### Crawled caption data
- - -
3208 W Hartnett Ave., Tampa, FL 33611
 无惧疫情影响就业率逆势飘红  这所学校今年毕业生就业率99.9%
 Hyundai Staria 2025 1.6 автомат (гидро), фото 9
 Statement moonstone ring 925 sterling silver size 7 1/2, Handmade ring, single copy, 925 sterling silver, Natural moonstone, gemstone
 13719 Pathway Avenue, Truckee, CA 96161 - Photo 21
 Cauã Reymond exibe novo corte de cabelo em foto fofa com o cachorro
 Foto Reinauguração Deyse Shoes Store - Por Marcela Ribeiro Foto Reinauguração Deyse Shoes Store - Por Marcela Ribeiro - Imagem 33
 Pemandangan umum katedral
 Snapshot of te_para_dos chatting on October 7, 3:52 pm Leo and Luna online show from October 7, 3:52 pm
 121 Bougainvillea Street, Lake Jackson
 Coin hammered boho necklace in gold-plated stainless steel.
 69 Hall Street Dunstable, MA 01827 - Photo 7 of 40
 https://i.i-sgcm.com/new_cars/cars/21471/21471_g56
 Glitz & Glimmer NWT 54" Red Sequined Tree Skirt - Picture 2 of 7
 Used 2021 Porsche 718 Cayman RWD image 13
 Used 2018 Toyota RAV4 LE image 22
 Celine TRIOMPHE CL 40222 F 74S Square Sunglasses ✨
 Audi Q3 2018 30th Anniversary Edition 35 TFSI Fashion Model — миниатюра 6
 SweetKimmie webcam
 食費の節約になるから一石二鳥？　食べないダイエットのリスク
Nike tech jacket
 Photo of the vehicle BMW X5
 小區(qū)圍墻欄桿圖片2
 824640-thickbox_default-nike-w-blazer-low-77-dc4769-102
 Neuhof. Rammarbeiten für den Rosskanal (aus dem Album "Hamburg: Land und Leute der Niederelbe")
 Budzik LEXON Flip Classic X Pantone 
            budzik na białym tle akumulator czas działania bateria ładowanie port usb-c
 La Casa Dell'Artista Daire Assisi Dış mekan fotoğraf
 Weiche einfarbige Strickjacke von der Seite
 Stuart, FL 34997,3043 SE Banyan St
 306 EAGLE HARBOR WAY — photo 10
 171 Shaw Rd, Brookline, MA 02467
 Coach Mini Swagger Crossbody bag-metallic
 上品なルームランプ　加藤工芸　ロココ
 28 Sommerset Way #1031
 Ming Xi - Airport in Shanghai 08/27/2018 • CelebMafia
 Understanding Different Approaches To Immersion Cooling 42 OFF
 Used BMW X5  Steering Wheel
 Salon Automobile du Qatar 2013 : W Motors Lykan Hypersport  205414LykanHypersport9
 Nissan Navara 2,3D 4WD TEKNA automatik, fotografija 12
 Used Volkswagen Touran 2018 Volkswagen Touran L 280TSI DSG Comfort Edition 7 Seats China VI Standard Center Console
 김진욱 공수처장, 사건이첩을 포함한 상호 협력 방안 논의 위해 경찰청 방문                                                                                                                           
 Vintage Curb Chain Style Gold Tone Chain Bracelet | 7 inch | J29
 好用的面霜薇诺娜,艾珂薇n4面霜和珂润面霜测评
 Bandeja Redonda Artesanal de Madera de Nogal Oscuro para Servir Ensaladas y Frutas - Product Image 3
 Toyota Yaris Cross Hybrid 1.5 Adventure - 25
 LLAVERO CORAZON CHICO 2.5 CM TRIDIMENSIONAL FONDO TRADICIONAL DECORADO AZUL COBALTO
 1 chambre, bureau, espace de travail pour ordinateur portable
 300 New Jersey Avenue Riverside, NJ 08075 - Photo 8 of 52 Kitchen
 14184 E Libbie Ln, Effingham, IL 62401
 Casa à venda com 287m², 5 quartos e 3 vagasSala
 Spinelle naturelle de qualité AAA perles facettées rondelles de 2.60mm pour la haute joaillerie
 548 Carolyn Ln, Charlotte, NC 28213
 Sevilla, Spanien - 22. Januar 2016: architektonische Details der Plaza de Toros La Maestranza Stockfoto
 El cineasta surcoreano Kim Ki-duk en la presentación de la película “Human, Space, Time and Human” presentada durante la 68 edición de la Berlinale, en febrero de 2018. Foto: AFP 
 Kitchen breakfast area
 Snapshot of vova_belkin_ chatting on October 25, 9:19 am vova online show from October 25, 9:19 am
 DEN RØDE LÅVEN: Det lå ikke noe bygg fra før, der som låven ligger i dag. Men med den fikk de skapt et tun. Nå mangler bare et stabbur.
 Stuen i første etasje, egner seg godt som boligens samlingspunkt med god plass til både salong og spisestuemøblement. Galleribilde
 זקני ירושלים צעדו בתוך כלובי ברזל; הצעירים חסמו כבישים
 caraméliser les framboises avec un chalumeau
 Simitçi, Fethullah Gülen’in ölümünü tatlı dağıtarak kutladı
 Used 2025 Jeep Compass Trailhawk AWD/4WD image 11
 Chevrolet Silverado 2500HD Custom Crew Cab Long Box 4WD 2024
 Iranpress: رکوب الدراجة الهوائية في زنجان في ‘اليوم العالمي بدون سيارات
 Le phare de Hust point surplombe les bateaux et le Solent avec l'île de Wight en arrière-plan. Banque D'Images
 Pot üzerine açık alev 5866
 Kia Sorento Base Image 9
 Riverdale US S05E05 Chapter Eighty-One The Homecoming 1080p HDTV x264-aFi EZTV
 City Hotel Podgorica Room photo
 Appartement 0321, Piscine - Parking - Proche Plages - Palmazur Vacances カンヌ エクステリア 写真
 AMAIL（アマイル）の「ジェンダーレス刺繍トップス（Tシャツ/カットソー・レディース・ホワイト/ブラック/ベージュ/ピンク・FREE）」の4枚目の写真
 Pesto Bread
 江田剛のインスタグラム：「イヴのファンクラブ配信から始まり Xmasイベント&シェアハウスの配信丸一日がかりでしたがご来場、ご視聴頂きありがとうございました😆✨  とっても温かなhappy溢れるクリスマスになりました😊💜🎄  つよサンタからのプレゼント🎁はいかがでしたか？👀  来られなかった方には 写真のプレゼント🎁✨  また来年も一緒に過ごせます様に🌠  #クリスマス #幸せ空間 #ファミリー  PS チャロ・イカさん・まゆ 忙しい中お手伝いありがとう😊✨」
- - -
### TASK TO CARRY OUT
All that is wanted is an exact copy of the lines above from the one with "Statement moonstone ring" through the one with "Nissan Navara 2,3D", with both ends included.

### EXERCISE ANSWER
 Statement moonstone ring 925 sterling silver size 7 1/2, Handmade ring, single copy, 925 sterling silver, Natural moonstone, gemstone
 13719 Pathway Avenue, Truckee, CA 96161 - Photo 21
 Cauã Reymond exibe novo corte de cabelo em foto fofa com o cachorro
 Foto Reinauguração Deyse Shoes Store - Por Marcela Ribeiro Foto Reinauguração Deyse Shoes Store - Por Marcela Ribeiro - Imagem 33
 Pemandangan umum katedral
 Snapshot of te_para_dos chatting on October 7, 3:52 pm Leo and Luna online show from October 7, 3:52 pm
 121 Bougainvillea Street, Lake Jackson
 Coin hammered boho necklace in gold-plated stainless steel.
 69 Hall Street Dunstable, MA 01827 - Photo 7 of 40
 https://i.i-sgcm.com/new_cars/cars/21471/21471_g56
 Glitz & Glimmer NWT 54" Red Sequined Tree Skirt - Picture 2 of 7
 Used 2021 Porsche 718 Cayman RWD image 13
 Used 2018 Toyota RAV4 LE image 22
 Celine TRIOMPHE CL 40222 F 74S Square Sunglasses ✨
 Audi Q3 2018 30th Anniversary Edition 35 TFSI Fashion Model — миниатюра 6
 SweetKimmie webcam
 食費の節約になるから一石二鳥？　食べないダイエットのリスク
Nike tech jacket
 Photo of the vehicle BMW X5
 小區(qū)圍墻欄桿圖片2
 824640-thickbox_default-nike-w-blazer-low-77-dc4769-102
 Neuhof. Rammarbeiten für den Rosskanal (aus dem Album "Hamburg: Land und Leute der Niederelbe")
 Budzik LEXON Flip Classic X Pantone 
            budzik na białym tle akumulator czas działania bateria ładowanie port usb-c
 La Casa Dell'Artista Daire Assisi Dış mekan fotoğraf
 Weiche einfarbige Strickjacke von der Seite
 Stuart, FL 34997,3043 SE Banyan St
 306 EAGLE HARBOR WAY — photo 10
 171 Shaw Rd, Brookline, MA 02467
 Coach Mini Swagger Crossbody bag-metallic
 上品なルームランプ　加藤工芸　ロココ
 28 Sommerset Way #1031
 Ming Xi - Airport in Shanghai 08/27/2018 • CelebMafia
 Understanding Different Approaches To Immersion Cooling 42 OFF
 Used BMW X5  Steering Wheel
 Salon Automobile du Qatar 2013 : W Motors Lykan Hypersport  205414LykanHypersport9
 Nissan Navara 2,3D 4WD TEKNA automatik, fotografija 12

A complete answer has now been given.